I thought about surplus lab ovens just because of temperature stability; I used to do that exact thing with the toaster oven and a temp probe, but I got such unpredictable results and screw-ups (mostly with paints and coatings and stuffs) that I literally executed my toaster oven via firing squad. Might just have been that oven that sucked so much, or it might have been just me...but I thought that if I could find a countertop/shelf model, if might do well for me.
I tell ya what, that is a nice little press for the money.


I had a #3 Dake, but I sold it wen I got my hydraulic press. Now I want this one for the basement.

Jerk...
 
Slight Update: I got one pin out, but the other is in there TIGHT. I think that whatever broke it actually wedged it first, or otherwise deformed it.
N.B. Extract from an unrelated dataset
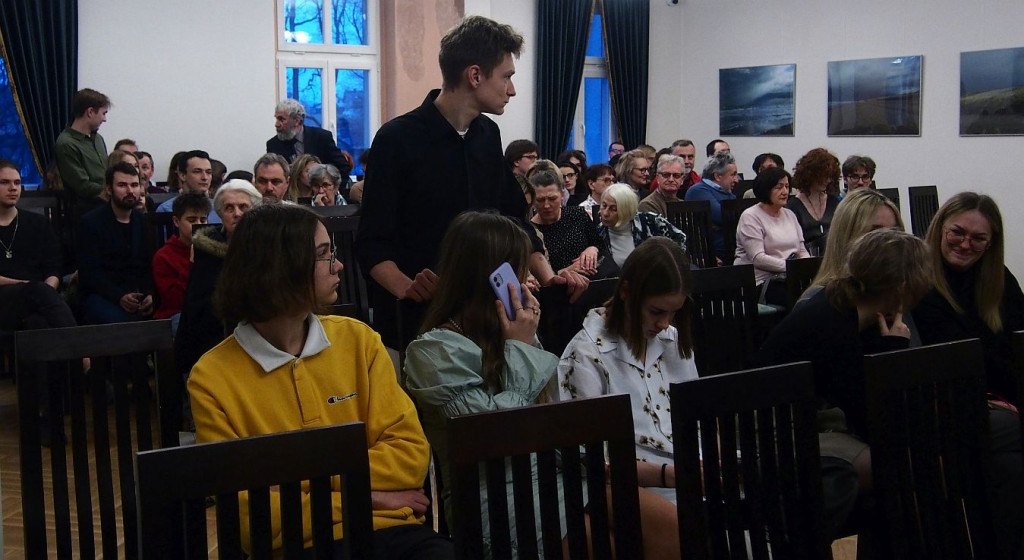 Wernisaż uczniów Plastyka w CEKUŚ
I center-drilled the first one and got an extractor in it, and it spun out without a great deal of protest...but that second one has already broken a bit, an extractor, a second bit and a small adjustable wrench, and it didn't care a whit about a rod being welded to it. So... I'm going carefully drill it to nearly the 5/16" diameter and see if I can collapse the remaining material, and then extract what's left beneath that. And since those bits are now among the deceased, I'll be trying to find replacements before I proceed.
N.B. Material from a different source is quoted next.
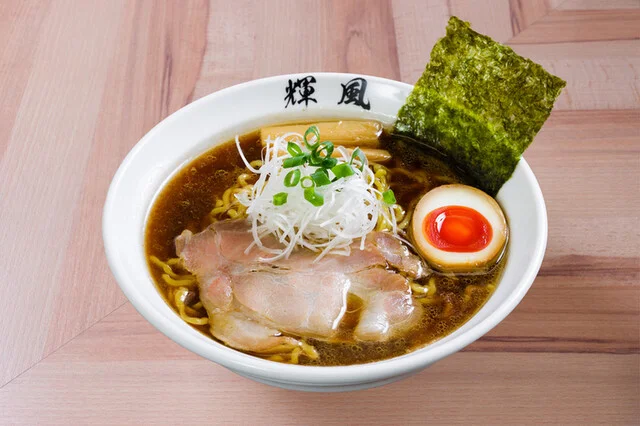生醤油ラーメン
Also, I ordered gears. So, small victory.
Use the easy button my friend.

 
I tell ya what, that is a nice little press for the money.
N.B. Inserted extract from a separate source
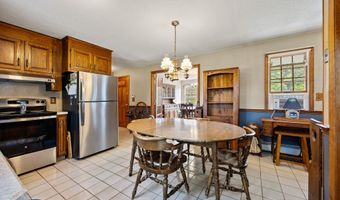 198 Crown St, Bristol, CT 06010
I thought so too. I've seen a couple of people modify them to make them work better, too; they'll never be a Dake or Greenerd, but they'll still do what I need them to do... I hope.
Use the easy button my friend.

I can try it, but I'm not sure if there's enough of a void at the bottom for it to work.
 
Well, I'm calling it quits for the day.

I did everything I knew to do to get that pin out, and it's not moving. I basically can't drill it any further; I've gone out to 1/4", dulled every bit that I have, and after I got out towards the edges of the pin it was just shattering...so I'm within a millimeter of punching through the bottom, but it might as well be a mile. Can't use the bread trick, and I'm not sure that it would worry anyway; this thing may have been driven into place. I can't even get in there and crush it; there's no real access from the top. So, I don't know what can be done at this point, aside from letting someone with a functional mill lock it into place and try to bore out the remnants...and hope it's exact enough. I think one could possibly reinstall the nut with a replacement pin and use the existing hole as a guide, but that operation is also currently beyond me. So, yeah... before I get impatient and chimp it up, I'm stopping. Good thing we have plenty of machine shops in the area with people that actually know what they're doing.
 
and it's - ...wait for it... - depressing
LOL

I have a Grizzly hydraulic press I bought about 20 years ago, I probably only use it once per year, it’s not Dake quality, but it does a decent job. I would think the arbor presses would work good enough too. I have a hard time spending on US built too for things that are not used often, but if I was buying for my business, I would get the Dake.
I thought about surplus lab ovens just because of temperature stability;
That’s a good idea, my toaster oven does vary the temperature quite a bit, I’ll have to look into the lab ovens. I saw at some point in the past someone putting a PID controller on a toaster oven for better temperature regulation, but I imagine the lab ovens probably have better insulation too and would be a better option.
I literally executed my toaster oven via firing squad.
I love target practice to get the frustrations out LOL
 
I have used a diamond abrasive bit meant to be used for boring ceramics to save my butt before. It wasn't too expensive, but I can't recall where I ordered it. Slow going in a hand drill, but I didn't scrap my valuable part.